The Surrey youngsters fail to establish their own pop-punk identity.
Raziq Rauf 2010-01-14
This is a record to tear a nation of music fans in two. Half will enjoy the spritely pop-punk purveyed by these Surrey youngsters on their second album (and major label debut); the others will bemoan the lack of originality on show, ripping the quintet to shreds with the kind of vitriolic disdain usually reserved for the most hackneyed of heard-it-before cliché-pedlars. But this is just a band. Right?
Sort of. The past year has seen You Me At Six sell thousands of tickets, in both a headliner capacity and in support of the likes of Fall Out Boy and Paramore, whilst batting accusations of a lack of any real substance. An absence of competition due to the demise, or at least uncertain futures, of luminary peers such as Panic at the Disco and Fall Out Boy, allied with their Americanised vocal sound, has certainly helped raise their profile; but questions remain whether they’re more than mere copyists. In short, Hold Me Down needs to establish an identity of the band’s own.

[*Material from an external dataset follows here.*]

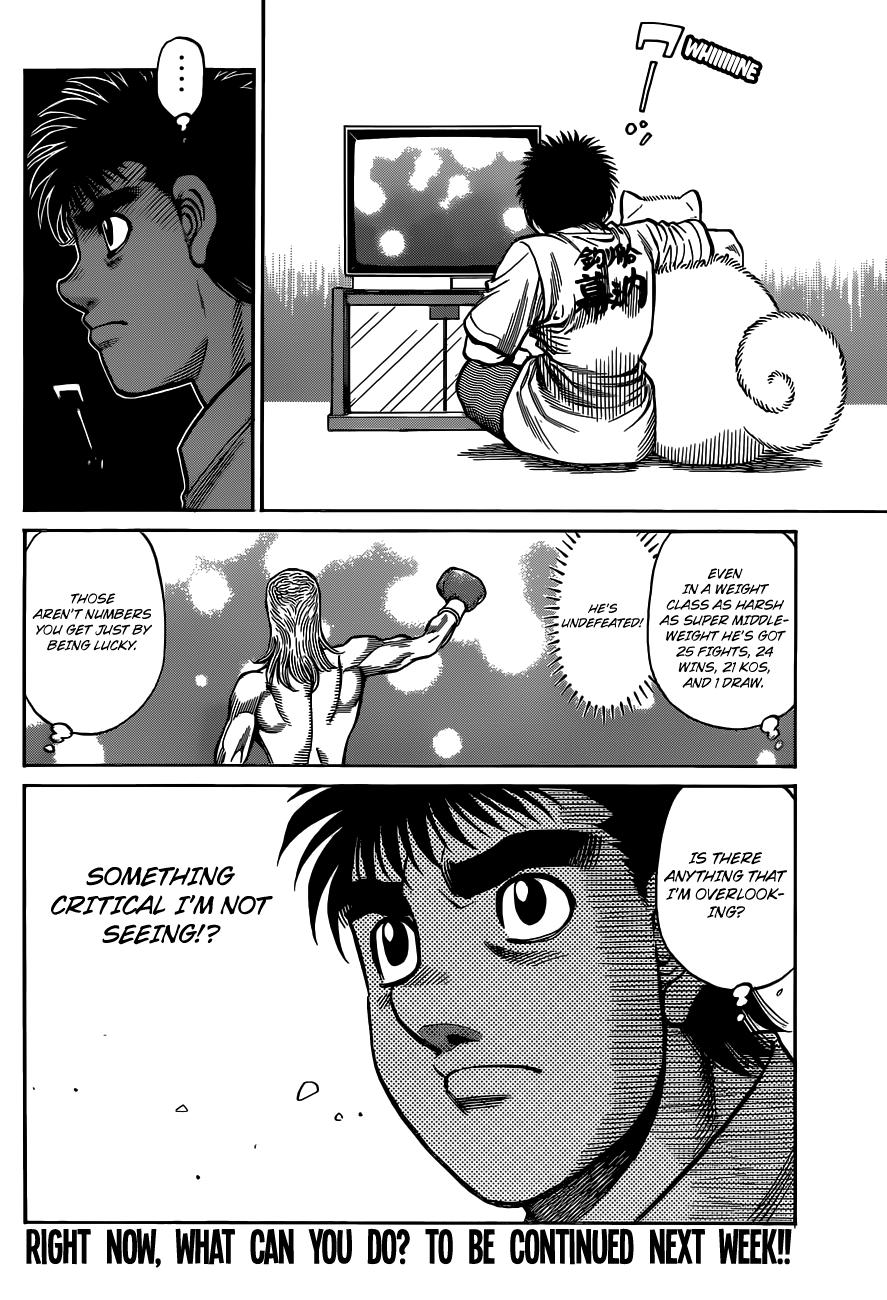 Hajime no Ippo Chapter 1325 - Page 13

The promisingly sinister opening tones of The Consequence ultimately peter out, sadly, leaving poster boy singer Josh Franceschi muttering like a young Daniel Johns about girl-inspired evilness through fiercely gritted teeth. While such catharsis may stem from a failed relationship of his own, one soon realises he could actually be talking about absolutely anyone’s thwarted attempts at love, such is his archetypal articulation of feelings. Rather than strike a chord, the track falls flat.

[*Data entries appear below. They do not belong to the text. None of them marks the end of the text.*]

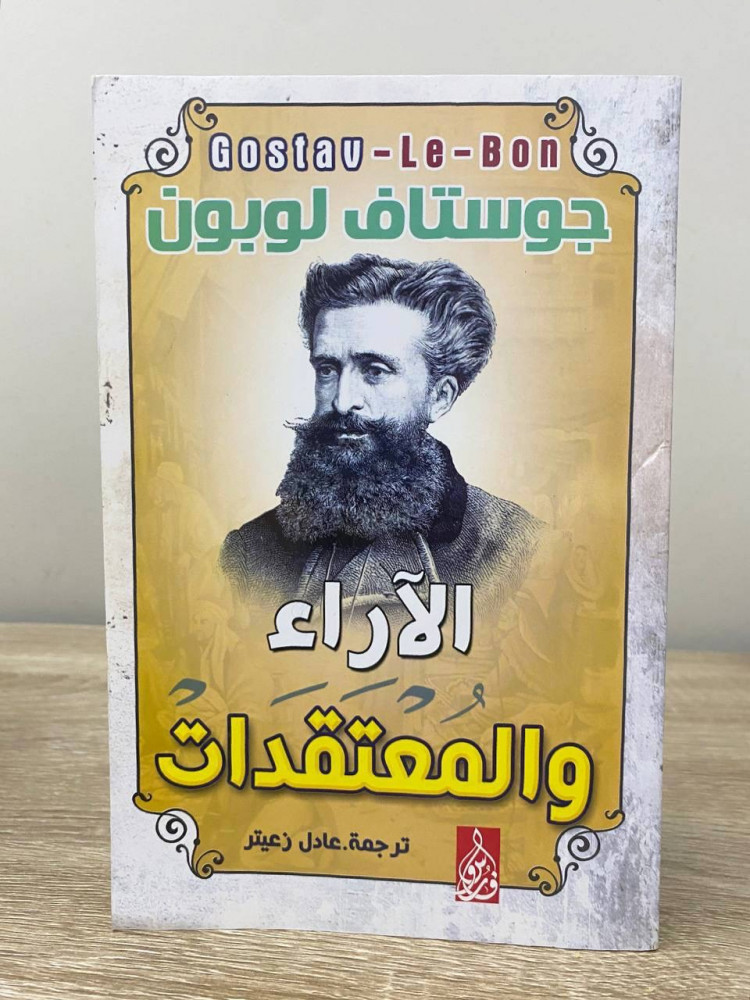 ‏الآراء والمعتقدات  ‏لـ جوستاف لوبون الصفحات: 294 صفحة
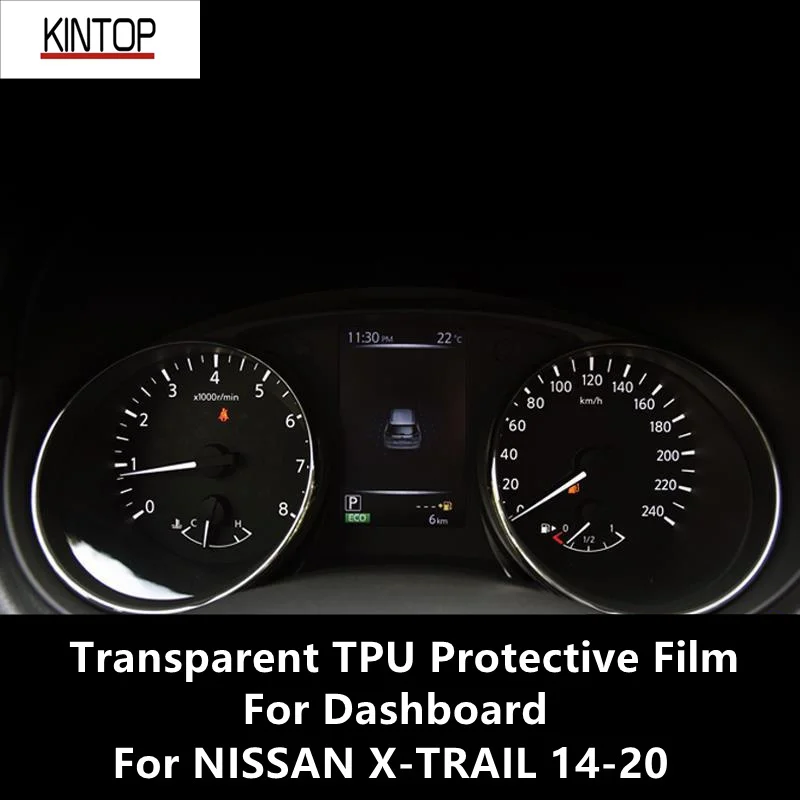 

For NISSAN X-TRAIL 14-20 Dashboard Transparent TPU Protective Film Anti-scratch Repair Film Accessories Refit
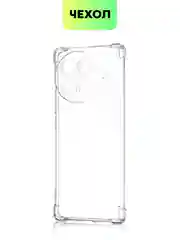Прозрачный чехол для Tecno Camon 30s Pro противоударный силиконовый BROSCORP прозрачный с углами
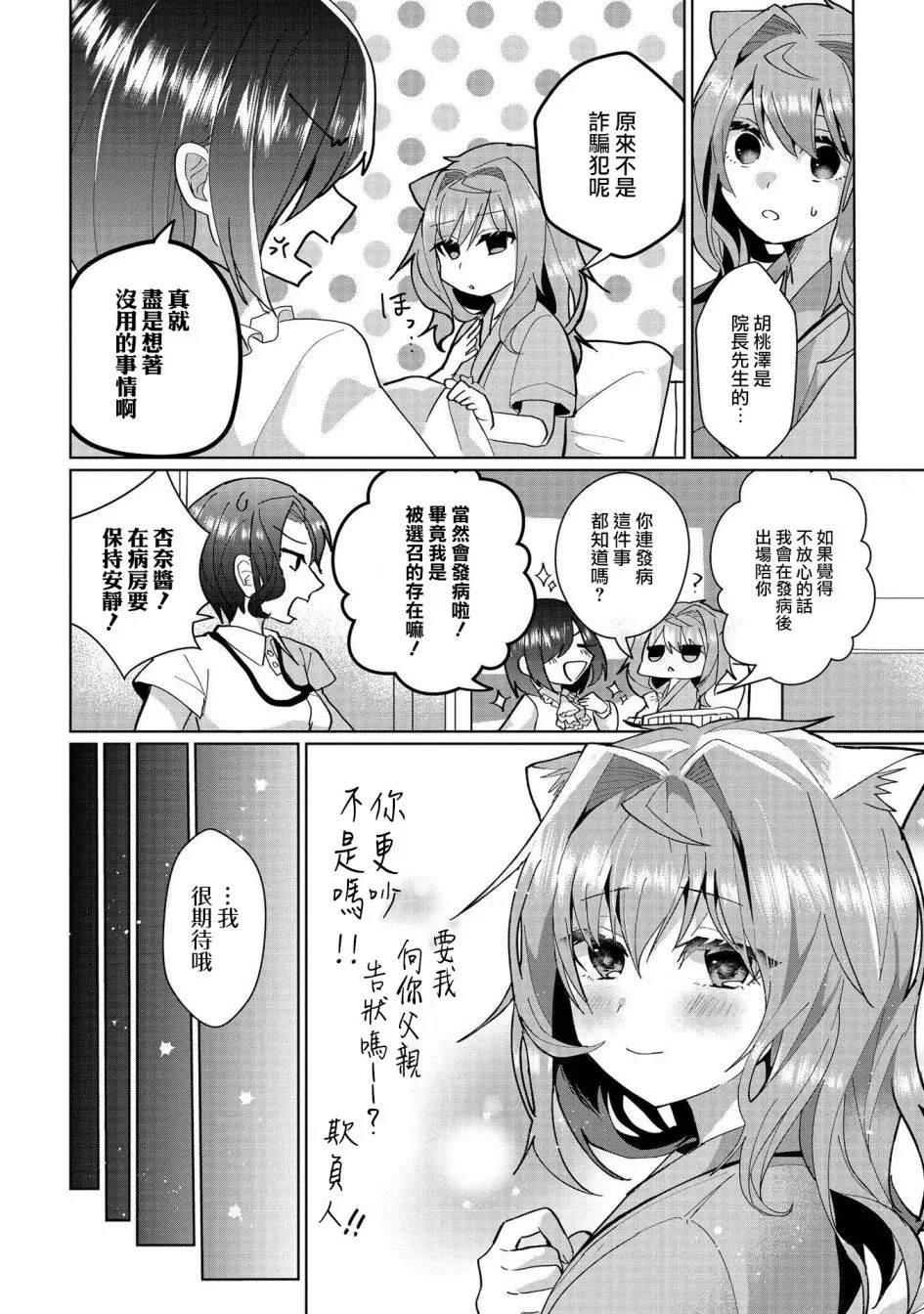 第04卷番外 第5页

But bursting free from such generic fare, into something that almost exudes a sense of sincerity, is the bombastic ballad There’s No Such Thing as Accidental Infidelity. An instant highlight, it finishes its considered diatribe with stirring, slow beats that would have been sure to pull the heartstrings had they stretched the track out another minute. Yet despite this questionable economy, it’s still the standout track on the album.

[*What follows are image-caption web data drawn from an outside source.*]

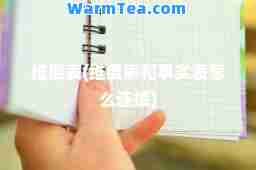 维度表(维度表和事实表怎么连接)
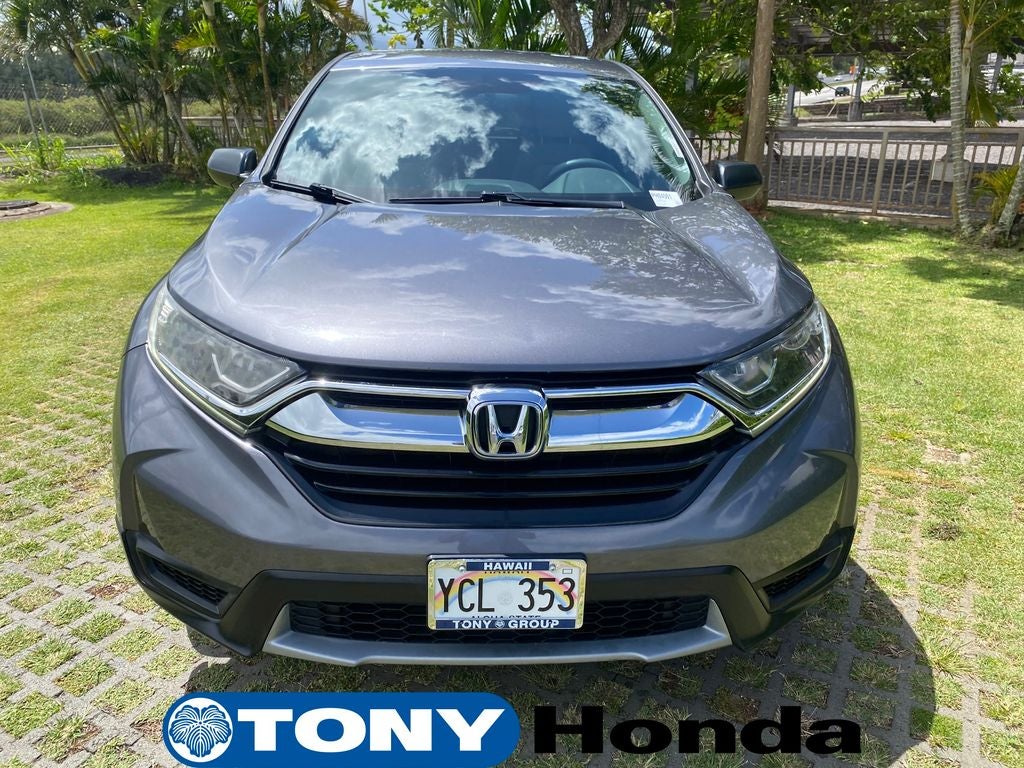 2017 Honda CR-V — side profile view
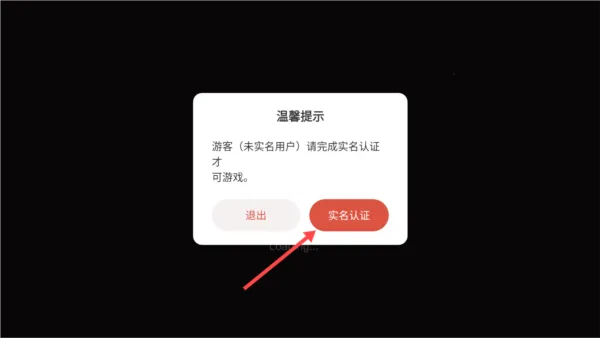 书呆子幸存者(生存冒险游戏) 书呆子幸存者(生存冒险游戏)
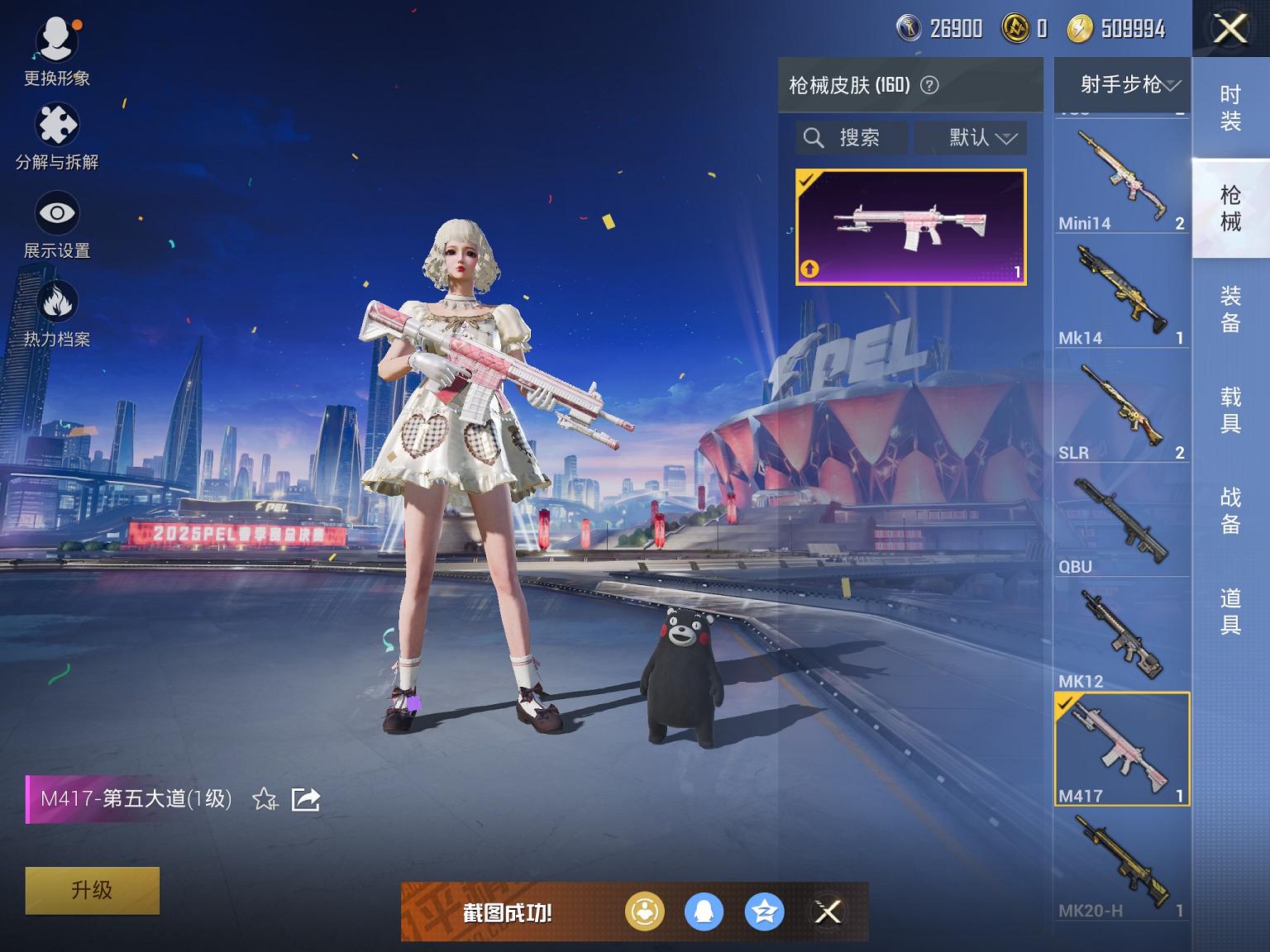 可二次【五爪金龙9粉装3特效枪】 苹果Q区-48626热力值-4印记-128套装-160枪皮 【9粉装】 山涧鹿灵 宝贝奶油派 天使彩虹糖 新星烈龙（小白龙） 寒光使者 精灵娃娃 圣堂之誓 暗夜鎏金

Five years ago, this record would have been accused of riding some coattails. Today, it's simply a carefully polished and highly competent, nearly retrospective collection of pop-rock songs from a band that, even at a young age, has nothing to say that hasn't been said by others before them (and, inarguably, said better). As Fireworks closes the album, Franceschi moans about a girl who blew her chance; you can’t help but think You Me At Six, in such a privileged position, have done the same.